__WHAT YOU ARE ASKED TO DO__:
Everything from the line with "Set de pegatinas" to the end of the data below, both lines included, should be transcribed exactly; please omit the pictures.

__SUPPLIED INFORMATION__:
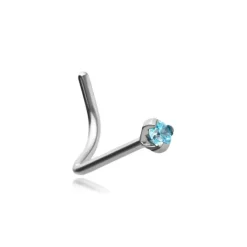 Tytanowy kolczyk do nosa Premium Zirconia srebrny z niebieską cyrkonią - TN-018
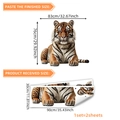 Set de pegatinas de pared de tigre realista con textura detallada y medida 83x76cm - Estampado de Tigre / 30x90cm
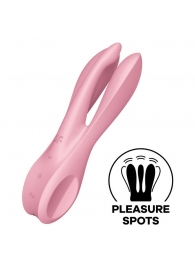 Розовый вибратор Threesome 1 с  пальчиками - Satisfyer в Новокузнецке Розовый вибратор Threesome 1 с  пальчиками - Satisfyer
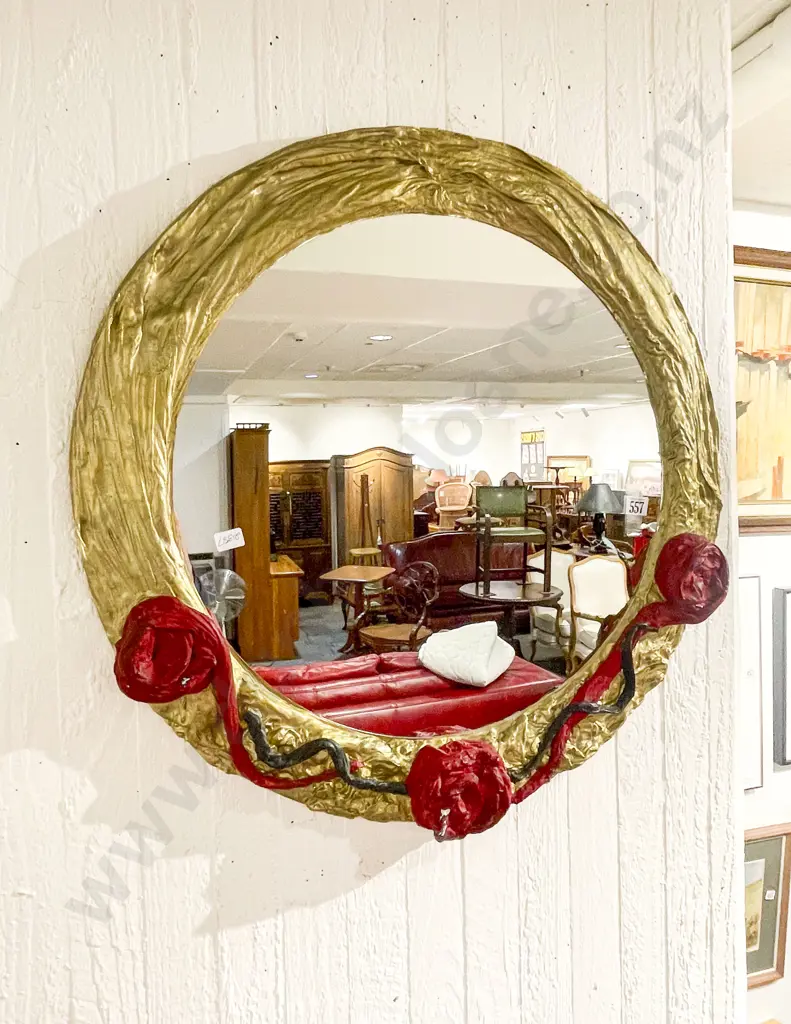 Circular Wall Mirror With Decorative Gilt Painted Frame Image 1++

__OUTPUT FOR THIS EXERCISE__:
 Set de pegatinas de pared de tigre realista con textura detallada y medida 83x76cm - Estampado de Tigre / 30x90cm
 Розовый вибратор Threesome 1 с  пальчиками - Satisfyer в Новокузнецке Розовый вибратор Threesome 1 с  пальчиками - Satisfyer
 Circular Wall Mirror With Decorative Gilt Painted Frame Image 1++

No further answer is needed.